• [DATA TO USE]:

=== Begin Enclosure ===

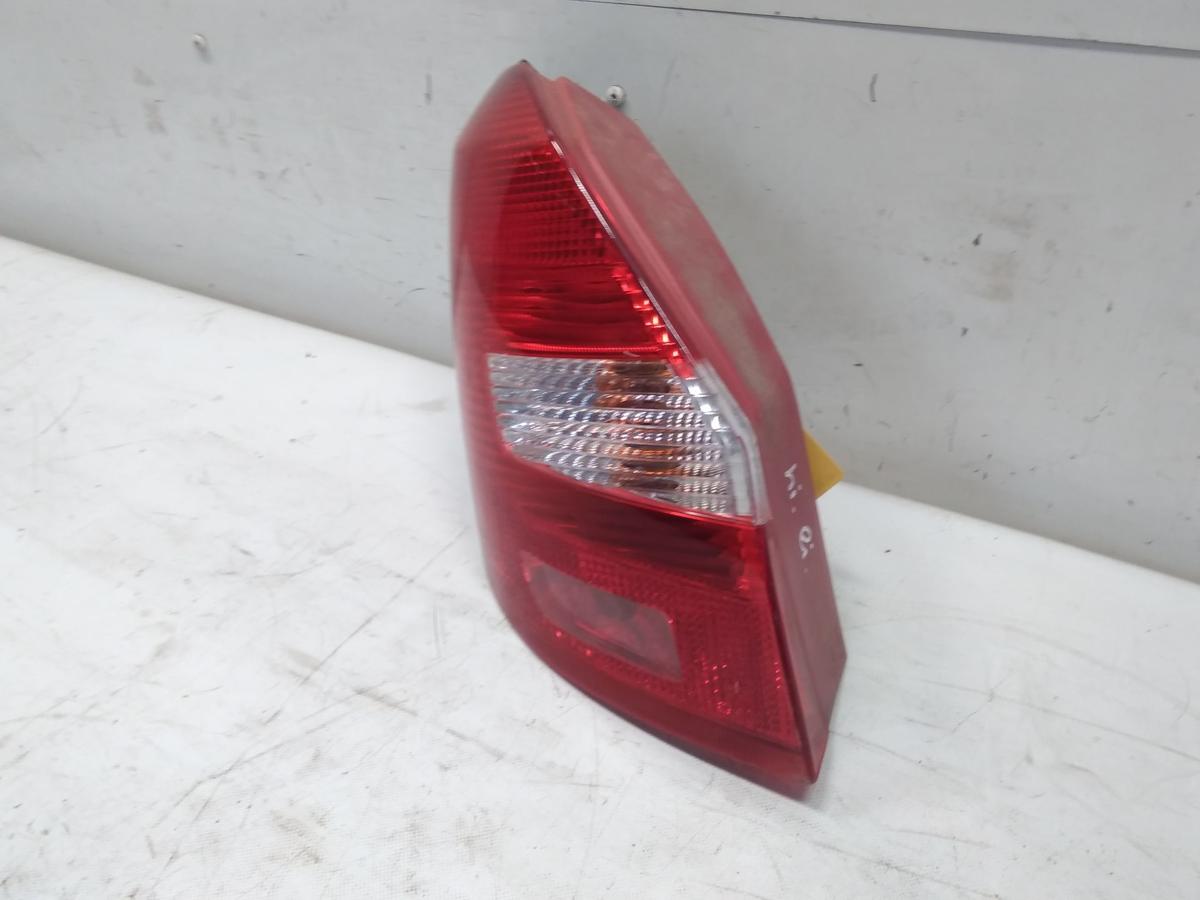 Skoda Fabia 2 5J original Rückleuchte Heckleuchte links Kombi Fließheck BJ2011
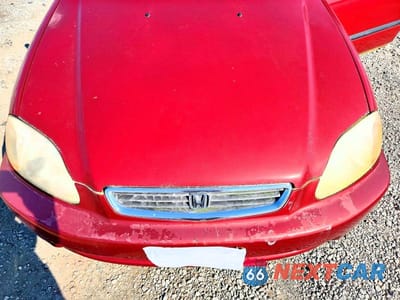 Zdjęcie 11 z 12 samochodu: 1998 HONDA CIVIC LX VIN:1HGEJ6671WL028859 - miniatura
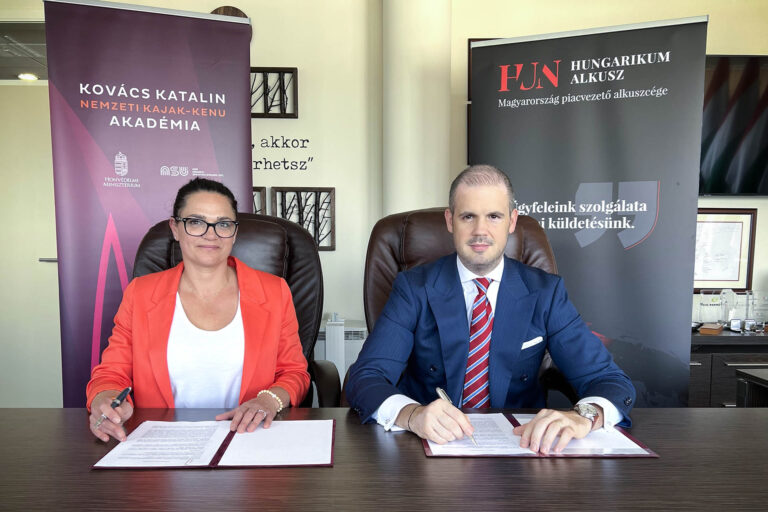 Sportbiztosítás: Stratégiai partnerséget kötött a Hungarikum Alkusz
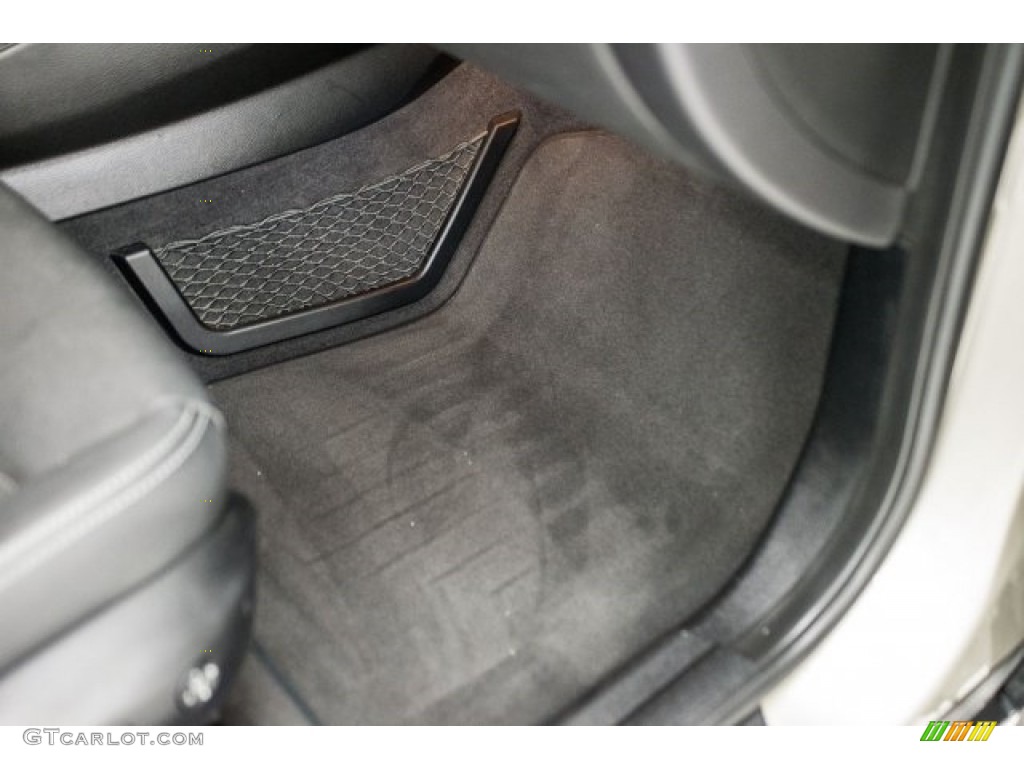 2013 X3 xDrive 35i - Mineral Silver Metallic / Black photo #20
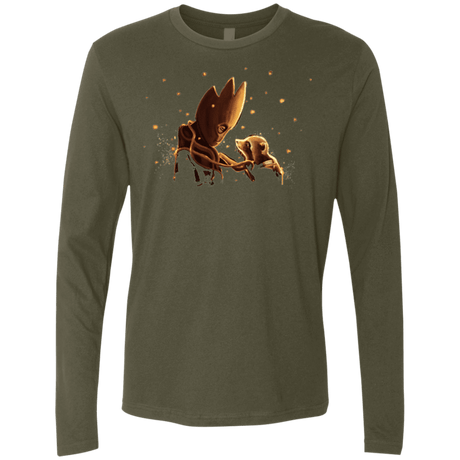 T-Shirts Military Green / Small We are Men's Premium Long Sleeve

=== End Enclosure ===
=== Begin Enclosure ===

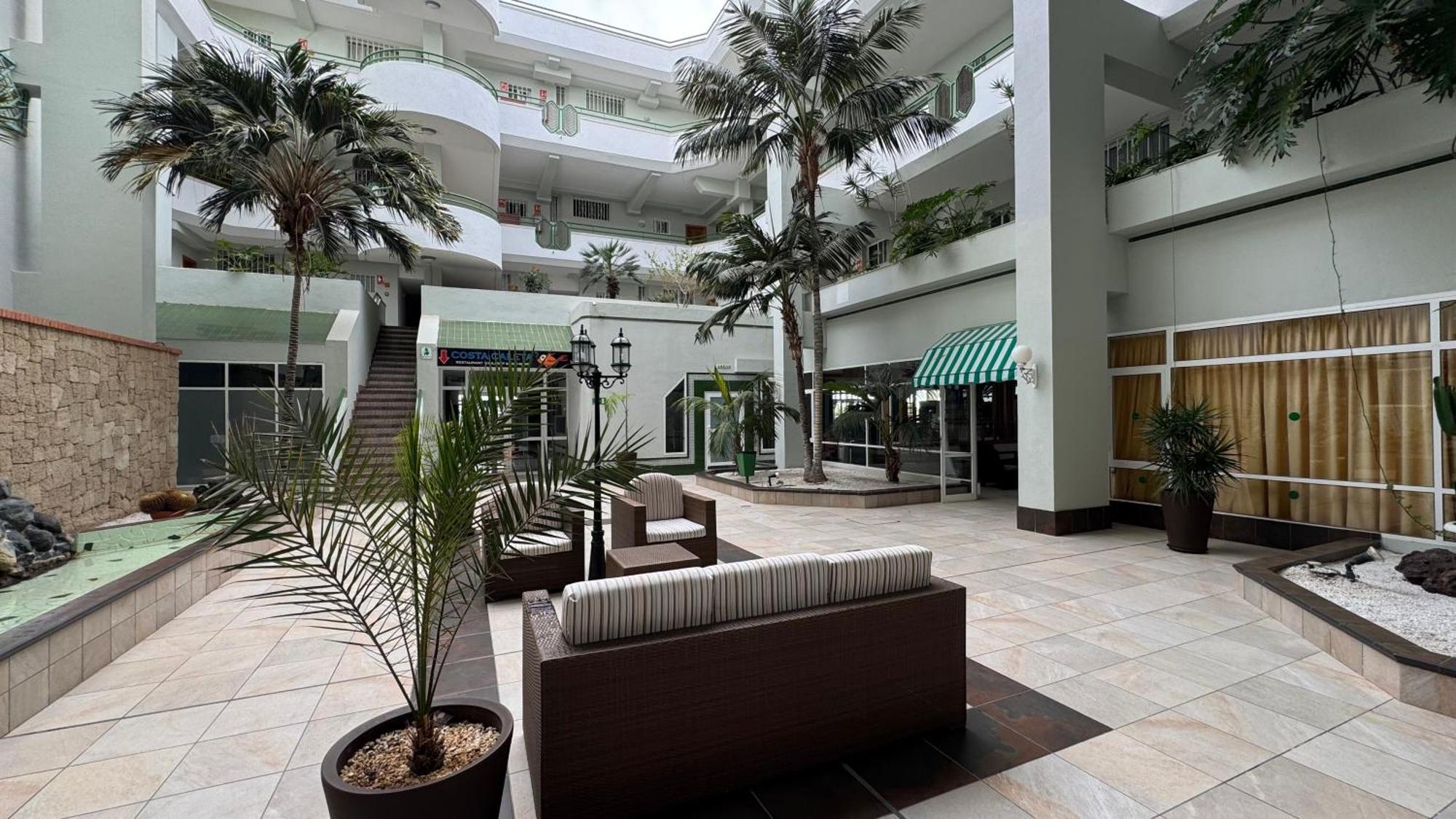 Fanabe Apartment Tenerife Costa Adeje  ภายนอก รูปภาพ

=== End Enclosure ===

• [DIRECTIONS FOR THIS TASK]:
The lines to set down run from the line with "2013 X3 xDrive" up to and including the line with "T-Shirts Military Green" in the entries above. Reproduce them exactly, with no pictures.

• [TASK RESPONSE]:
 2013 X3 xDrive 35i - Mineral Silver Metallic / Black photo #20
 T-Shirts Military Green / Small We are Men's Premium Long Sleeve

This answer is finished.